# Solving Trigonometric Equations

1. Nov 16, 2011

### frozonecom

1. The problem statement, all variables and given/known data

$2sin\Theta-\sqrt{2}=0$

2. Relevant equations

3. The attempt at a solution

$2sin\Theta=\sqrt{2}$

$\frac{2sin\Theta}{2}=\frac{\sqrt{2}}{2}$

So here's my problem. Should it be positive or negative? Or just positive? Since the square root of any positive number can be positive or negative, right? Is there a possibility that the answer can be both positive and negative?

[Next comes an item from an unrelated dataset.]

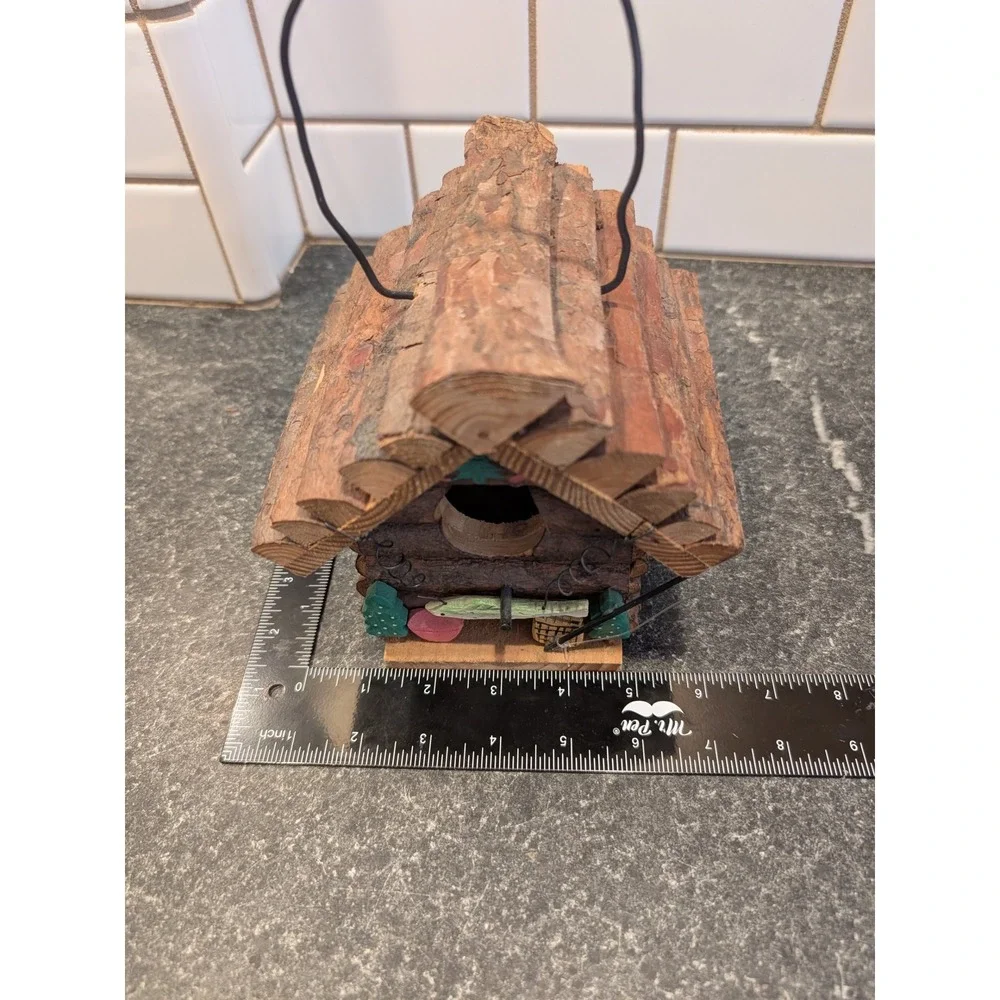 Handmade Rustic Log Cabin Birdhouse Wood Fishing Lodge Decor with Wire Hanger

$sin\Theta=\pm\frac{\sqrt{2}}{2}$

if so, $\Theta=45 degrees$ $or$ $135 degrees$ ---- for positive value of $sin\Theta$

$\Theta=-45 degrees$ $or$ $315 degrees$ $or$ $225 degrees$ ---- for negative value of $sin\Theta$

So, I'm confused if:

$2sin\Theta-\sqrt{2}=0$

$2sin\Theta=\sqrt{2}$

$\frac{2sin\Theta}{2}=\frac{\sqrt{2}}{2}$

Can be:

$2sin\Theta-(\pm\sqrt{2})=0$

$2sin\Theta=(\pm\sqrt{2})$

$\frac{2sin\Theta}{2}=(\pm\frac{\sqrt{2}}{2})$

So can it be?
Is it mathematically correct to think of it that way? Sorry if this is such a stu*id question. :)
Hope you can help me! :)

2. Nov 16, 2011

### danago

$\sqrt{2}$ is positive and separate from its negative counterpart, $-\sqrt{2}$. If the question did not say $± \sqrt{2}$, then you can safely just worry about the positive value.

If, on the other hand, the question was $4sin^2 \Theta-2=0$, then when you take the square root you must be sure to include the ±.

It is sort of like saying $x=\sqrt{25}$ is equal to positive 5 only, however if i said that $x^2=25$, then x could be +5 or -5.

3. Nov 16, 2011

### frozonecom

Thank you for clearing this out for me!
Sadly that was on my quiz and I totally included the negative root as a solution for the equation. :(

At least now I know it. Thanks for answering! :)